---- RAW DATA
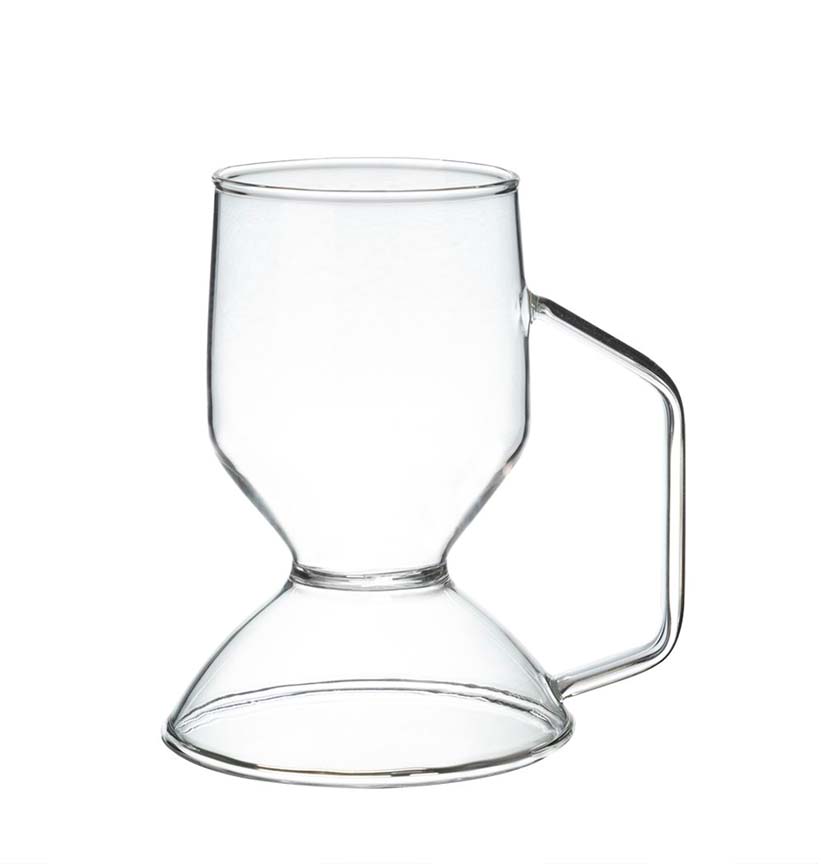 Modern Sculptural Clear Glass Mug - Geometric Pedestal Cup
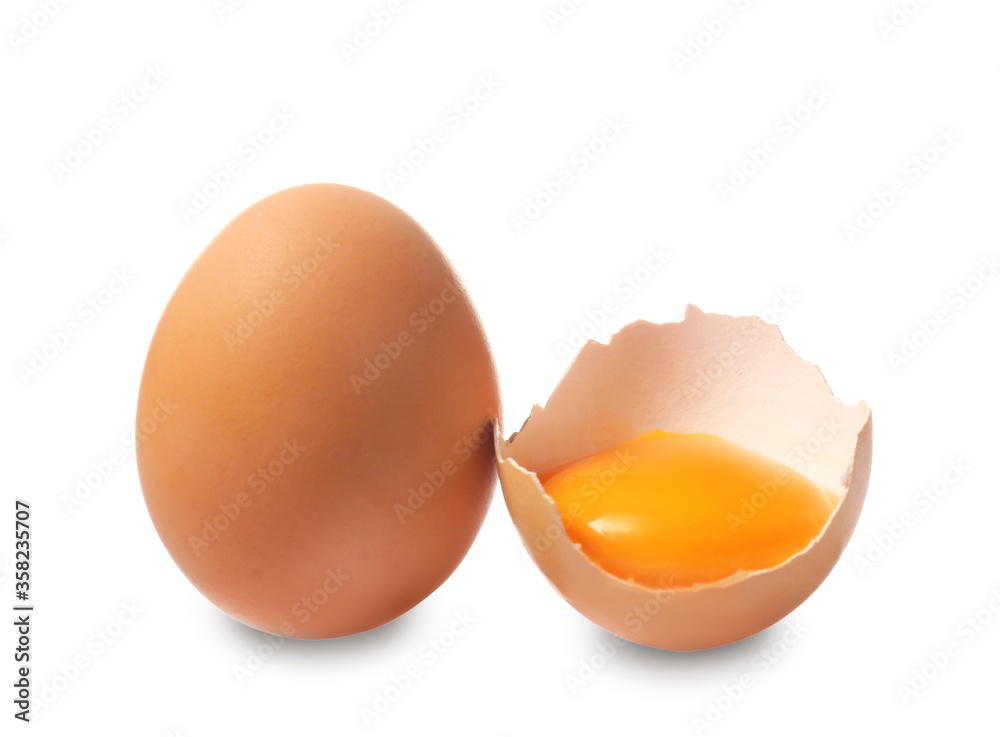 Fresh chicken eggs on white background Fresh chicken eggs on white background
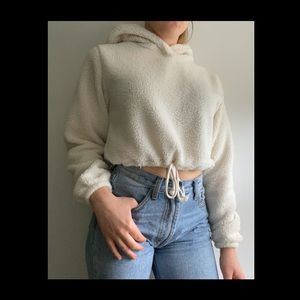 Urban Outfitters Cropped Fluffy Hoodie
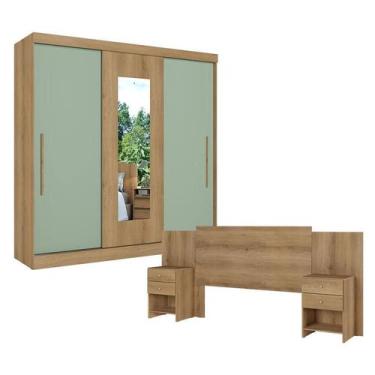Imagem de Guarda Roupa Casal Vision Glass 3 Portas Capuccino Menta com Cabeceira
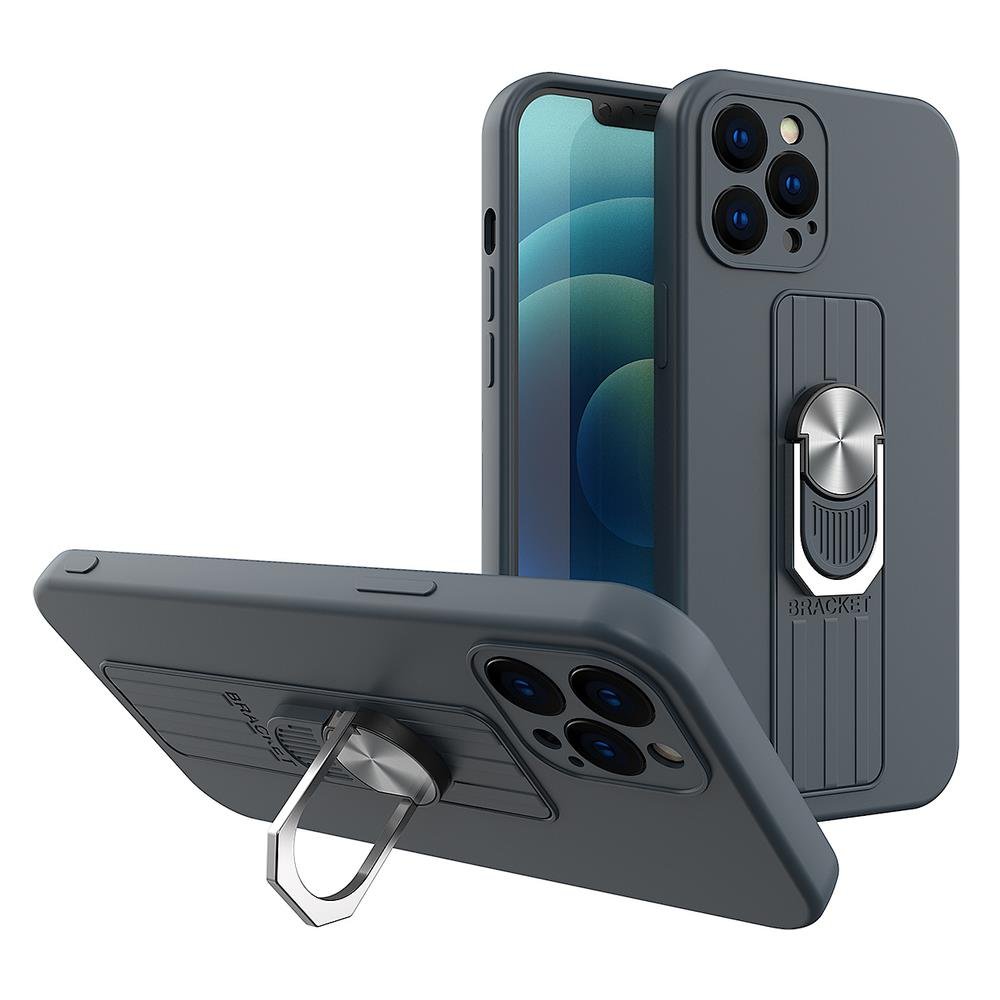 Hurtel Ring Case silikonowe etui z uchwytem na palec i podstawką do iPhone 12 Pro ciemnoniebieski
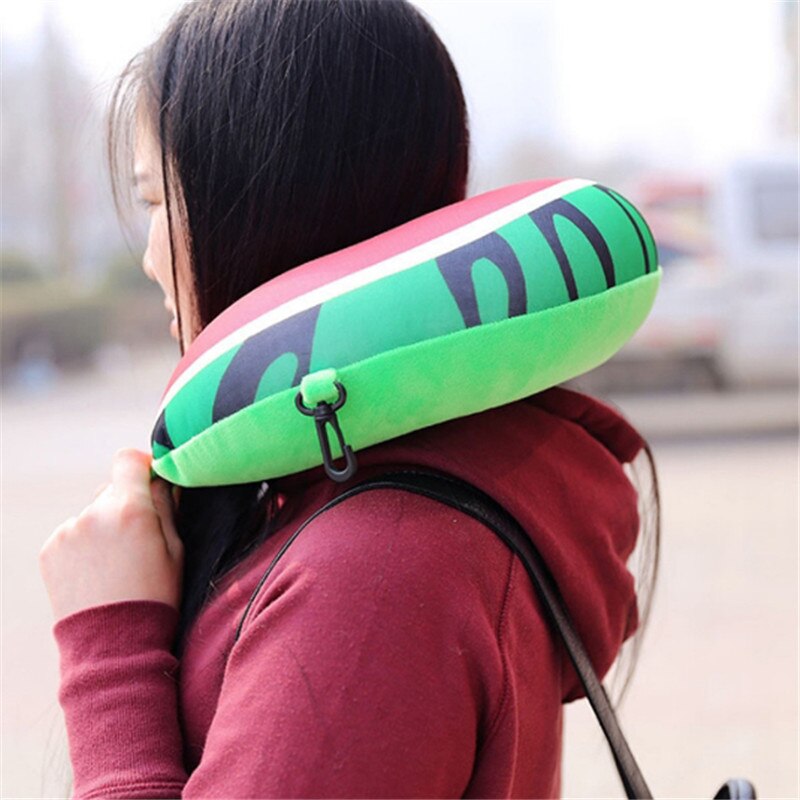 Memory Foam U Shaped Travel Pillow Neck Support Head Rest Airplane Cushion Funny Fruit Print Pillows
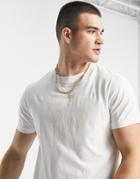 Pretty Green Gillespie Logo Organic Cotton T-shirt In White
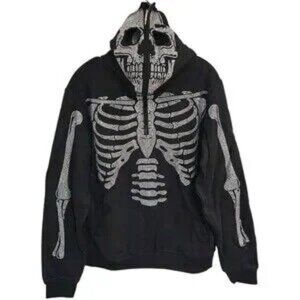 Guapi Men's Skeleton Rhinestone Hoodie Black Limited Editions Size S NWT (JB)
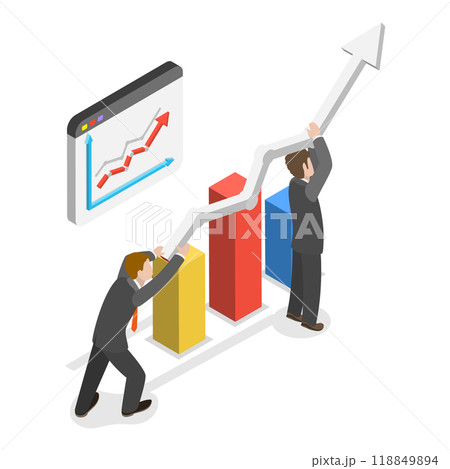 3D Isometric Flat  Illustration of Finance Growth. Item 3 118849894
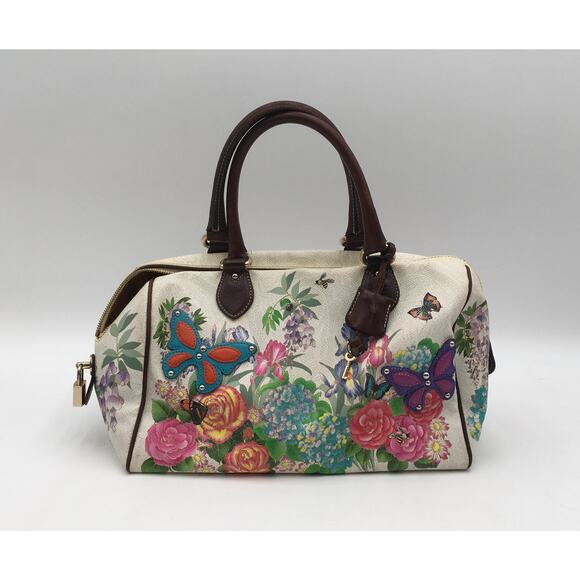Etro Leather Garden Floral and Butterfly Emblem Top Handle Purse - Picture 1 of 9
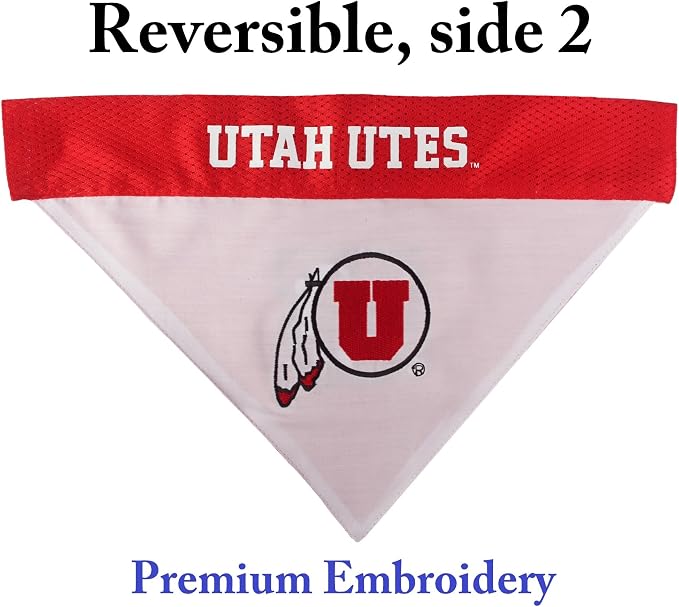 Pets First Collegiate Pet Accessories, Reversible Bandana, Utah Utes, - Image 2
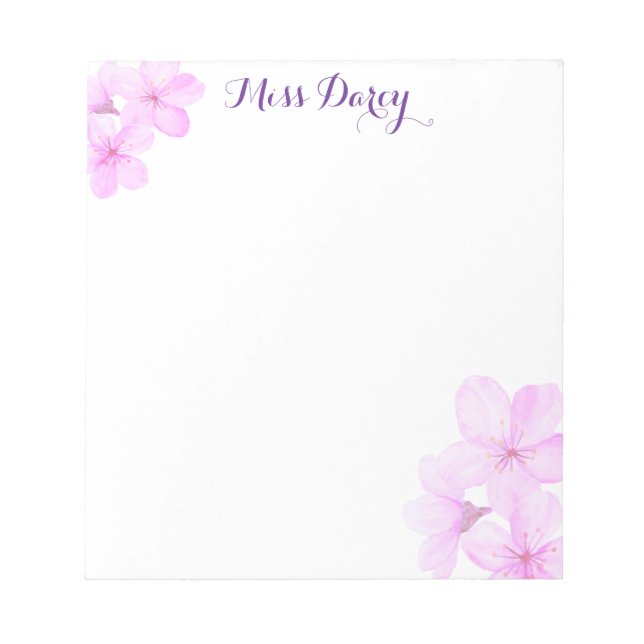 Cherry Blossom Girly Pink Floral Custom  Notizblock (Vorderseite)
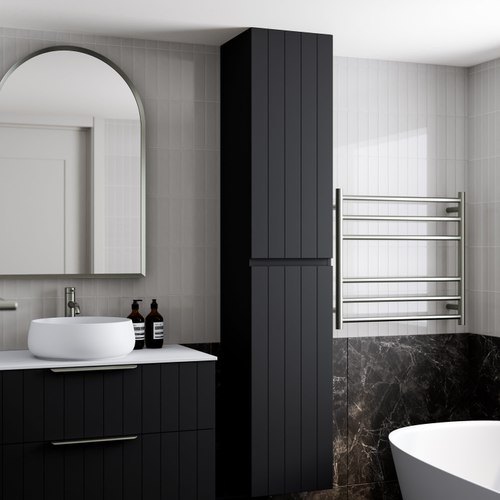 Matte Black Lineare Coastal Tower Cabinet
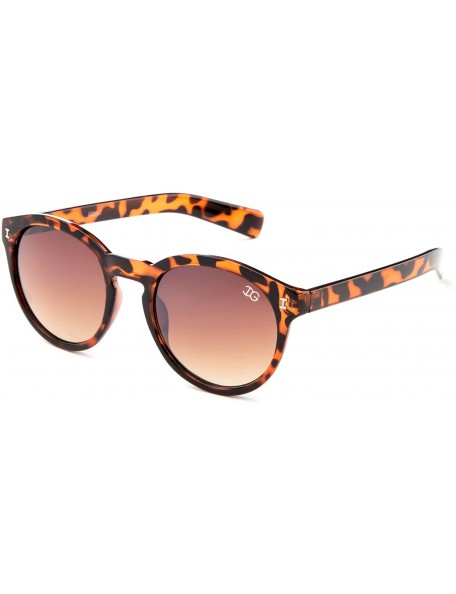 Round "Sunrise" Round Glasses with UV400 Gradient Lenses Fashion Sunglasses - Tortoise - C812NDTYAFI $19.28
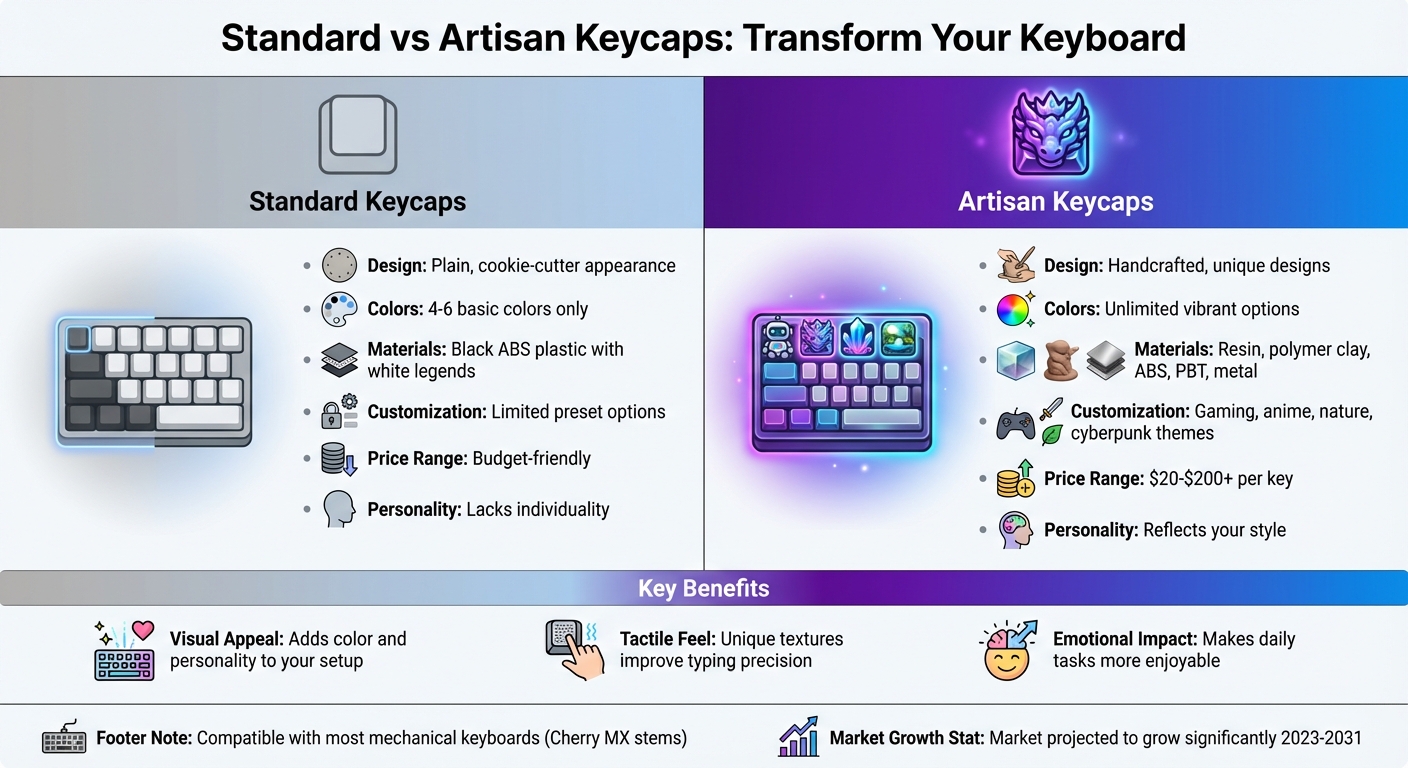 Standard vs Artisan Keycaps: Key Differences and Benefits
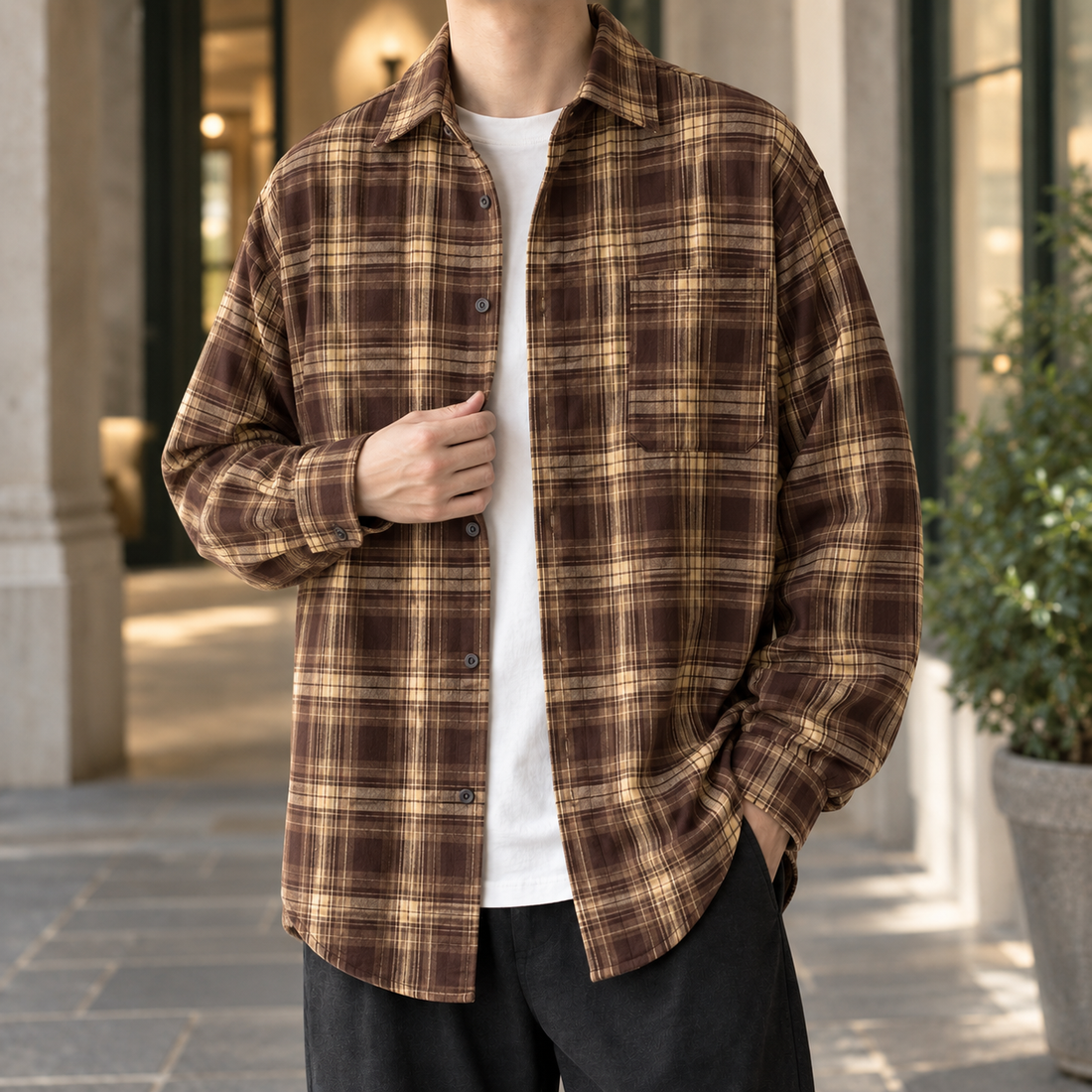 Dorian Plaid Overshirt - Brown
--------
▶ [PROBLEM DESCRIPTION]
A word-for-word reproduction is needed of the lines above from the line containing "Hurtel Ring Case" through the line containing "Matte Black Lineare Coastal Tower Cabinet", with both ends kept and no pictures.

▶ [ANSWER TO THE EXERCISE]
 Hurtel Ring Case silikonowe etui z uchwytem na palec i podstawką do iPhone 12 Pro ciemnoniebieski
 Memory Foam U Shaped Travel Pillow Neck Support Head Rest Airplane Cushion Funny Fruit Print Pillows
 Pretty Green Gillespie Logo Organic Cotton T-shirt In White
 Guapi Men's Skeleton Rhinestone Hoodie Black Limited Editions Size S NWT (JB)
 3D Isometric Flat  Illustration of Finance Growth. Item 3 118849894
Etro Leather Garden Floral and Butterfly Emblem Top Handle Purse - Picture 1 of 9
 Pets First Collegiate Pet Accessories, Reversible Bandana, Utah Utes, - Image 2
 Cherry Blossom Girly Pink Floral Custom  Notizblock (Vorderseite)
 Matte Black Lineare Coastal Tower Cabinet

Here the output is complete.